My Mother owns a teashop. She runs it with her smart and lovely English friend. It is perfectly situated in the only place outside of England appropriate for such a quaint little building, here in the wood and pasture town my father lovingly calls, The Shire. From their house I drive uphill by The Academy - the two-hundred-and-eight-year-old town high school that's made up of five or six free standing buildings arranged around a quad on the hilltop overlooking miles of forested rolling hills. The hills light on fire with the bright oranges yellows and reds of autumn every year.
Then I drive down again by the small brick town hall and firehouse and through the town's only red, yellow, and green traffic light.

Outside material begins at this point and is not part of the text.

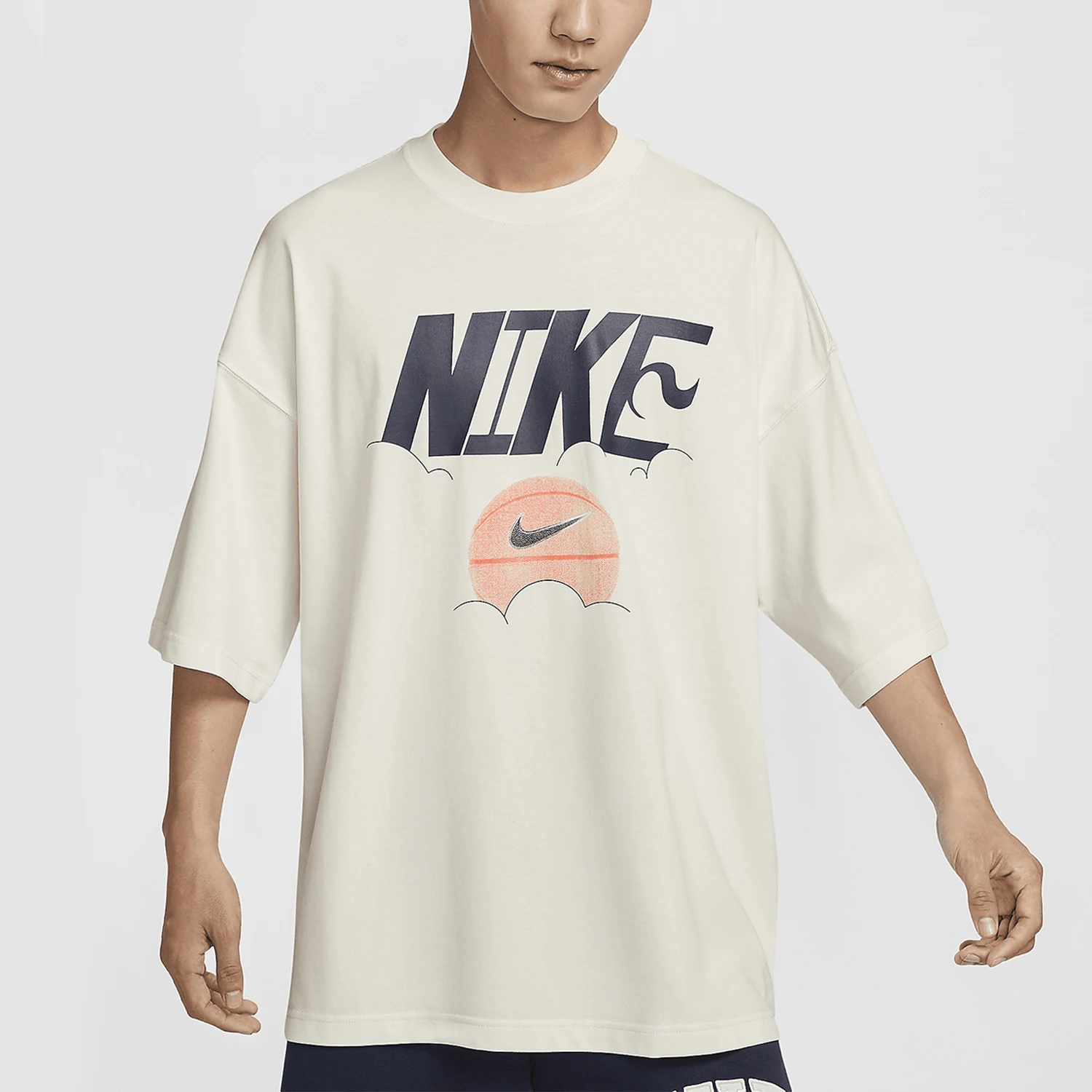 

Nike genuine autumn new men's loose and breathable basketball sports short sleeved FZ8088-133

On the right I pull into the rectangular gravel and sand parking lot and enter the tiny, dark wooden building with a hedged-in wooden patio.
Inside, my mother hands me a British candy and I find my father sitting in the far end of the dining room around the corner to my right where eight tables dressed in chintz cloth and topped with silver and china bowls of sugar cubes form two rows. The walls behind the counter are lined with jars of teas. There must be a hundred of them. Black teas green teas flavored teas herbal teas. I can have any of them. Next to the counter is a display case full of pastries, pies, muffins, and scones. Savory and sweet, they all look fantastic. I don't eat them because pastries make me feel too full.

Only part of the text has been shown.